1. Getting Data from Twitter Streaming API

twitter_streaming.py, this file is used to extract information from Twitter.

#Import the necessary methods from tweepy library
from tweepy.streaming import StreamListener
from tweepy import OAuthHandler
from tweepy import Stream

#Variables that contains the user credentials to access Twitter API 
access_token = "ENTER YOUR ACCESS TOKEN"
access_token_secret = "ENTER YOUR ACCESS TOKEN SECRET"
consumer_key = "ENTER YOUR API KEY"
consumer_secret = "ENTER YOUR API SECRET"


#This is a basic listener that just prints received tweets to stdout.
class StdOutListener(StreamListener):

    def on_data(self, data):
        print(data)
        return True

    def on_error(self, status):
        print(status)


if __name__ == '__main__':

    #This handles Twitter authetification and the connection to Twitter Streaming API
    l = StdOutListener()
    auth = OAuthHandler(consumer_key, consumer_secret)
    auth.set_access_token(access_token, access_token_secret)
    stream = Stream(auth, l)

    #This line filter Twitter Streams to capture data by the keywords: 'python', 'javascript', 'ruby'
    stream.filter(track=['python', 'javascript', 'ruby'])

You can use the following command to store information in the specific file. (By CMD)

python twitter_streaming.py > twitter_data.txt

Then we will get the information from the above text file and store them in JSON format.

import json
tweets_data_path = r"..	witter_data.txt"
tweets_data = []
tweets_file = open(tweets_data_path, "r")
for line in tweets_file:
	try:
		tweet = json.loads(line)
		tweets_data.append(tweet)
	except:
		continue

Data are stored in tweets_data, and we can get the specific information by the following scripts.

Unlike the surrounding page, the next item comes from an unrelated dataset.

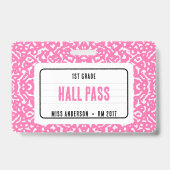 Compositie schrift klas gangpas roze badge (Voorzijde)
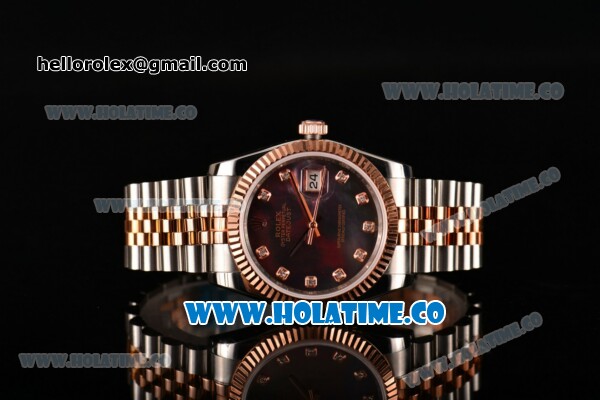 Rolex Datejust Swiss ETA 2836 Automatic Two Tone with Black MOP Dial and Diamonds Markers - Click Image to Close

Reference: python JSON only get keys in first level

# get the text content, language from the specific tweets
num = 0
for tweet in tweets_data:
	num += 1
	if num == 10:
		break
	else:
		tweet_text = tweet["text"]
		tweet_lang = tweet["lang"]
		print(str(num))
		print(tweet_lang)
		print(tweet_text)
		print()

# get all the keys from json
tweets_data[0].keys()

2. Reading and Understanding the data

Now we can also get the specific key by list(), map() and lambda() with the following scripts.

Reference: Python中map与lambda的结合使用

>>> a = list(map(lambda tweet: tweet['text'], tweets_data))
>>> len(a)
1633
>>> a[0]
'RT @neet_se: 案件数って点だけならJavaがダントツ、つまり仕事に繋がりやすい。https://t.co/rqxp…'

Or we can also use set() method to get the unique values of the list.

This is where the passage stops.